■ Data extracts:

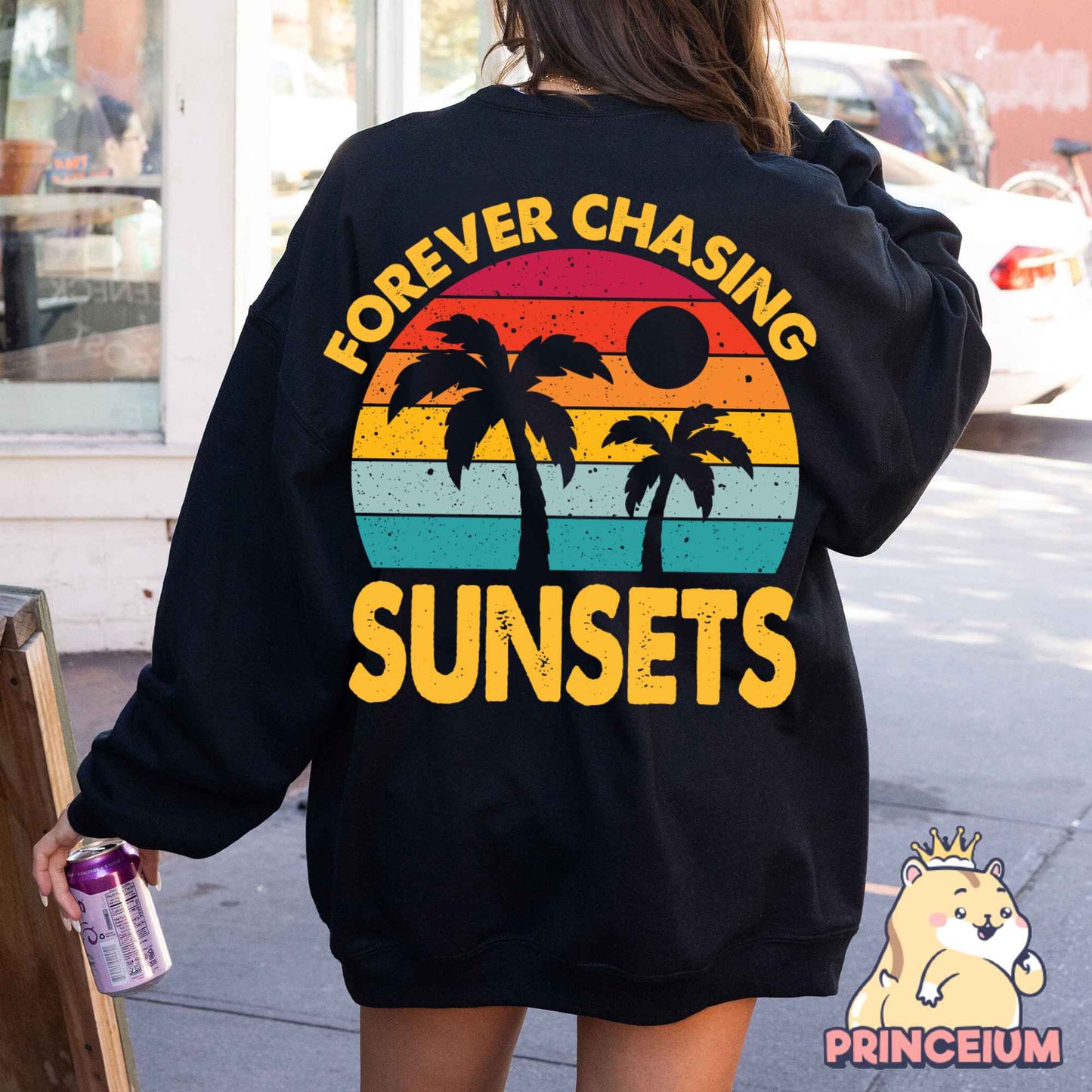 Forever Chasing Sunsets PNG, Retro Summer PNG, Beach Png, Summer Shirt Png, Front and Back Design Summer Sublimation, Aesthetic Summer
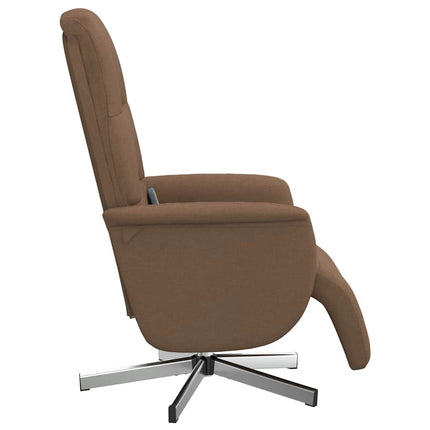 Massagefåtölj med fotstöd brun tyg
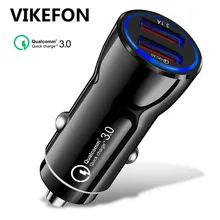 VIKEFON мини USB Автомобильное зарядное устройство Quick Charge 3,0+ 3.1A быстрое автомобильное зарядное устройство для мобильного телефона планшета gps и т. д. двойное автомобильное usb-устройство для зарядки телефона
==
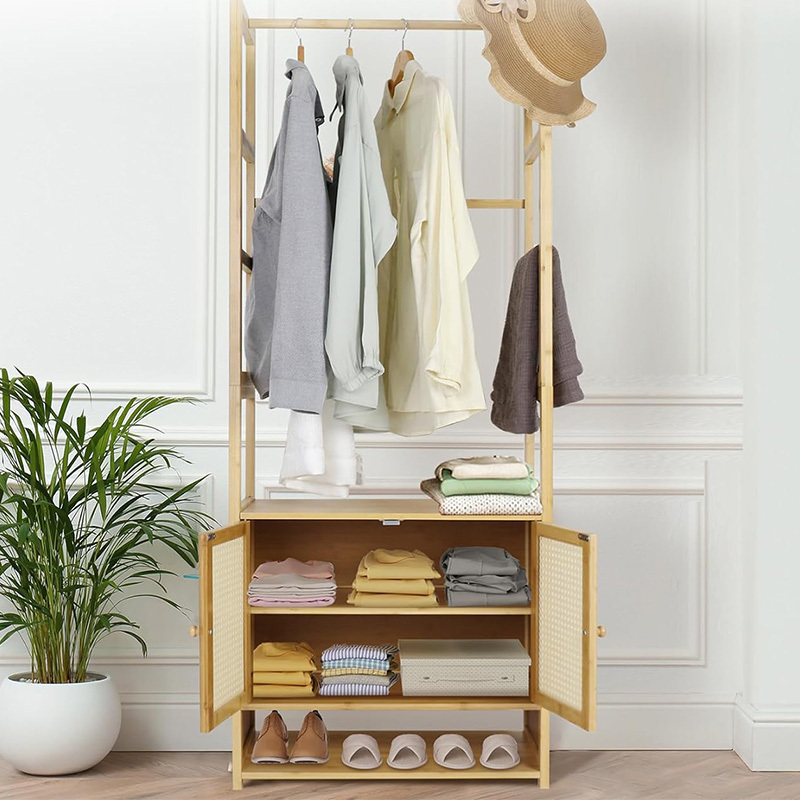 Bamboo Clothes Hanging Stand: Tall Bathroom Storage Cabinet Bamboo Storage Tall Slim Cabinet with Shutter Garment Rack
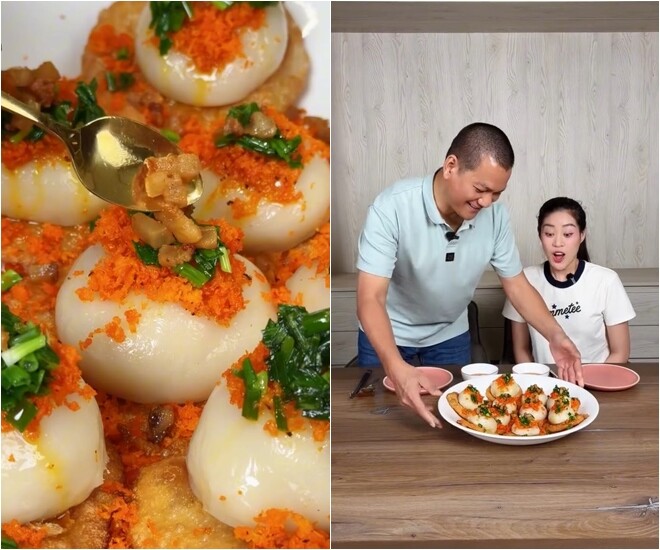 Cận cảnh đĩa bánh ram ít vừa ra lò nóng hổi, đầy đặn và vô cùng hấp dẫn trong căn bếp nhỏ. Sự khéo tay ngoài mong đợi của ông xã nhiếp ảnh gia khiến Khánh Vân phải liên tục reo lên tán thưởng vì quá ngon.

■ What you need to do: Only the lines of the listing above from the one with "Forever Chasing Sunsets" through the one with "VIKEFON мини USB" should be output, exactly, with both ends kept and pictures left out.

■ Reply:
 Forever Chasing Sunsets PNG, Retro Summer PNG, Beach Png, Summer Shirt Png, Front and Back Design Summer Sublimation, Aesthetic Summer
 Massagefåtölj med fotstöd brun tyg
 VIKEFON мини USB Автомобильное зарядное устройство Quick Charge 3,0+ 3.1A быстрое автомобильное зарядное устройство для мобильного телефона планшета gps и т. д. двойное автомобильное usb-устройство для зарядки телефона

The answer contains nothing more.